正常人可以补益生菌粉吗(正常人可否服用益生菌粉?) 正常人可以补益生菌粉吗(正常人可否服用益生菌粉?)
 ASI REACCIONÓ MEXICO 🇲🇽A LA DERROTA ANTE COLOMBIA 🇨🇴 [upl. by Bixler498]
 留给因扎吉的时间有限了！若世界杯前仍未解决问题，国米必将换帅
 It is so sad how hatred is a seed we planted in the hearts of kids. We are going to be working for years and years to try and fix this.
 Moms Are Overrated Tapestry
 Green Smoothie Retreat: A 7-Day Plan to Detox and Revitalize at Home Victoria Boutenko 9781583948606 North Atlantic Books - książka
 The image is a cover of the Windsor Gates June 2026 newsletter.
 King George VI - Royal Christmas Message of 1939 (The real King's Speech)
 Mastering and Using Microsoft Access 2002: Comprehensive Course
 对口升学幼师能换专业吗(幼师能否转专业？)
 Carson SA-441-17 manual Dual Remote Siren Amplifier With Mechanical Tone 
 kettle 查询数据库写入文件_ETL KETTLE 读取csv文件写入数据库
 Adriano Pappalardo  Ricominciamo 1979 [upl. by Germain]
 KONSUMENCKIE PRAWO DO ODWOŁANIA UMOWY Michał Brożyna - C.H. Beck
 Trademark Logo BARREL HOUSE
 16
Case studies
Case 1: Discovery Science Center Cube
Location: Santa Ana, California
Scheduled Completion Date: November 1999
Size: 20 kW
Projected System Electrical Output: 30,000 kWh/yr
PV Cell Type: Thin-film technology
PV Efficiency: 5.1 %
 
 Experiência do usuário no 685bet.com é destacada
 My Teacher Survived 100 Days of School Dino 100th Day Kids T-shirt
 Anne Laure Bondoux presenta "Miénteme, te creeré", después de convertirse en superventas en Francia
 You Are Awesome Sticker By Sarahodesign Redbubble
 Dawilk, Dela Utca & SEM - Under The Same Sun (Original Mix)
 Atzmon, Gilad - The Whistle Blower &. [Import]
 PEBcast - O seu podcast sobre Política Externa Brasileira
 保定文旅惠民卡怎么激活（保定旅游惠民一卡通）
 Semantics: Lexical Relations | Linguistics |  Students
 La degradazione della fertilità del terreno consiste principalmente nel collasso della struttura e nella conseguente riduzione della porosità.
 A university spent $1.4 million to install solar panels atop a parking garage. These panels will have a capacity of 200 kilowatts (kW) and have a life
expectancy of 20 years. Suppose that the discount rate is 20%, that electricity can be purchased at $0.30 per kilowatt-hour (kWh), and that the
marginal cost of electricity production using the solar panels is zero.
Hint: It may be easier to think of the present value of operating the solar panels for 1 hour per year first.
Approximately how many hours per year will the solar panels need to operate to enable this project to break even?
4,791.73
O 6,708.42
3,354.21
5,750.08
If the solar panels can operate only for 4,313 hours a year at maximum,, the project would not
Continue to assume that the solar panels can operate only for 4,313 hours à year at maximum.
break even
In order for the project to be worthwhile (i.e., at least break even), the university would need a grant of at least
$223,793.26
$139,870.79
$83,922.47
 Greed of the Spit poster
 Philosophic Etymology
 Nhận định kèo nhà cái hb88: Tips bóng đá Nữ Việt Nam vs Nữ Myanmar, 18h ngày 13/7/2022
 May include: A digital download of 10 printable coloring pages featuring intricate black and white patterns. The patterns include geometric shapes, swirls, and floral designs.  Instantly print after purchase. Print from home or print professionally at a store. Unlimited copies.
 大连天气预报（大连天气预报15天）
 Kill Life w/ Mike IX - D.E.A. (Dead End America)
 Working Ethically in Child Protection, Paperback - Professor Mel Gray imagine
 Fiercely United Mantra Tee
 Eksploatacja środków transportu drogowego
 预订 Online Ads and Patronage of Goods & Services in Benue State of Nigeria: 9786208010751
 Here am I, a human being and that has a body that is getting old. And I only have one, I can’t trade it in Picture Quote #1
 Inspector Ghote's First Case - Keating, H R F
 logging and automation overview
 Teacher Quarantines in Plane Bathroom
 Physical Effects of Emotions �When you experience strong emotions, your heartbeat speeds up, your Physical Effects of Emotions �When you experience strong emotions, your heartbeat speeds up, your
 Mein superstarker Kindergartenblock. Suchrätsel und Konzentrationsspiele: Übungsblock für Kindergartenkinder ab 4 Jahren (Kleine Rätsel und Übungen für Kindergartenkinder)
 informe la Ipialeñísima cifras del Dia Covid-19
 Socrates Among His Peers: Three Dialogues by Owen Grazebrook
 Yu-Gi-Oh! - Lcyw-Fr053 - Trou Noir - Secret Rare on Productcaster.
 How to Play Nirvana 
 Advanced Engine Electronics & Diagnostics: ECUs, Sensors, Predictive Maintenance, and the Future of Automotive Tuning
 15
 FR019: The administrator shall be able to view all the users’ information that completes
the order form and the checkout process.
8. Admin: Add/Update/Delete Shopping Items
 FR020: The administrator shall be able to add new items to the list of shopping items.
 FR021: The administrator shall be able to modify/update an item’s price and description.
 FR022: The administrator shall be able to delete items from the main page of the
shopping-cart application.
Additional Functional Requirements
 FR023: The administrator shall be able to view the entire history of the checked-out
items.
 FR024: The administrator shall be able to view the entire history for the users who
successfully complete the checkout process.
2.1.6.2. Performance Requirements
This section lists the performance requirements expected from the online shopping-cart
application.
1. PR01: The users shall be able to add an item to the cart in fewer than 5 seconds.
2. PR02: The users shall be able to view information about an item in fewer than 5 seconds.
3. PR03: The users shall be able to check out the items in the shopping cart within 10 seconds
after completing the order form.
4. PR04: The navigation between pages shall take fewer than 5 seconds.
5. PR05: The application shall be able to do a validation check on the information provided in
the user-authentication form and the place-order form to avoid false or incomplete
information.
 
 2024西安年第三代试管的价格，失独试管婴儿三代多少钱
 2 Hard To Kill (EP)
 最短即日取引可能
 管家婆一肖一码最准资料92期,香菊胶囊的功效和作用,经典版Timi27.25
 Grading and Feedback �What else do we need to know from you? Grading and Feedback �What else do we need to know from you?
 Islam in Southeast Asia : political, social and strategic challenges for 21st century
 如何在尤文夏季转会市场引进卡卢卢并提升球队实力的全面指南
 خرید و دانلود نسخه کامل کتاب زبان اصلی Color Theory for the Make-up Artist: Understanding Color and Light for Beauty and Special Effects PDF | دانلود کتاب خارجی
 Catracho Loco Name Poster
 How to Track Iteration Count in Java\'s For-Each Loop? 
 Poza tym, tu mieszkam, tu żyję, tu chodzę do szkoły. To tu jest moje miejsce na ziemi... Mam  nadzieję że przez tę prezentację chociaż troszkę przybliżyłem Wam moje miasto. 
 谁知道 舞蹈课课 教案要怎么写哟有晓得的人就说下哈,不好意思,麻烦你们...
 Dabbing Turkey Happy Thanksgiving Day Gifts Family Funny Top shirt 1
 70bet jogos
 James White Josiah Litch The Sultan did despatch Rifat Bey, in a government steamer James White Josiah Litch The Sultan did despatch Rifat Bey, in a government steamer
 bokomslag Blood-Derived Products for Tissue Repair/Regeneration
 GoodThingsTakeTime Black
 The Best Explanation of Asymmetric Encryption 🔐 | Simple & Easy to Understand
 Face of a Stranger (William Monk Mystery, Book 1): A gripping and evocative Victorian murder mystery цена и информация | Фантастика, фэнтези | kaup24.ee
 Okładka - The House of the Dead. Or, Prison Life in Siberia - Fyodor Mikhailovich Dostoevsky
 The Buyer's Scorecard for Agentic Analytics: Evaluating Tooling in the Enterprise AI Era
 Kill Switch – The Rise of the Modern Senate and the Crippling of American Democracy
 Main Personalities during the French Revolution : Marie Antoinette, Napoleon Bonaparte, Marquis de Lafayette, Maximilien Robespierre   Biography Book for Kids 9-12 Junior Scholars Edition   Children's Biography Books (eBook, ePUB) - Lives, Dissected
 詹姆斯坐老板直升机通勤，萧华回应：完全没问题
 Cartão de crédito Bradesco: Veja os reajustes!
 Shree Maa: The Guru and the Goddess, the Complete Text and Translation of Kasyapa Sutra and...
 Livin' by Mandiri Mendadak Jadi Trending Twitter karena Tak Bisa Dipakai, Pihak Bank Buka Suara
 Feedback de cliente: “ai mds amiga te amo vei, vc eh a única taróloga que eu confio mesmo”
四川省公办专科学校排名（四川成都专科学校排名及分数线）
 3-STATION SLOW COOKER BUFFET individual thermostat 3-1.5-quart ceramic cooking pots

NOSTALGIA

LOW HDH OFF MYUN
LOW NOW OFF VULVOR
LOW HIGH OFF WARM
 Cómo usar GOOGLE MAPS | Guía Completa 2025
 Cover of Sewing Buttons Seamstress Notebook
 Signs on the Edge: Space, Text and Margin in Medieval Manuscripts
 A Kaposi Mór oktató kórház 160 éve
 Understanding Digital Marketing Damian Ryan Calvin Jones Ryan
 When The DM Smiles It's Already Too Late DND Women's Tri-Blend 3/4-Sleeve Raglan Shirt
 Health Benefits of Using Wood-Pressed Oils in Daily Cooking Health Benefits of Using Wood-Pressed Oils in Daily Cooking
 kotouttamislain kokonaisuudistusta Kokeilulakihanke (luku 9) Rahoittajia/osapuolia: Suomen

········

Task statement => Extract the lines of the preceding material that run from the line with "the users who" through the line with "1. PR01: The", inclusive, reproducing them exactly and adding nothing.

Reply =>
 FR024: The administrator shall be able to view the entire history for the users who
successfully complete the checkout process.
2.1.6.2. Performance Requirements
This section lists the performance requirements expected from the online shopping-cart
application.
1. PR01: The users shall be able to add an item to the cart in fewer than 5 seconds.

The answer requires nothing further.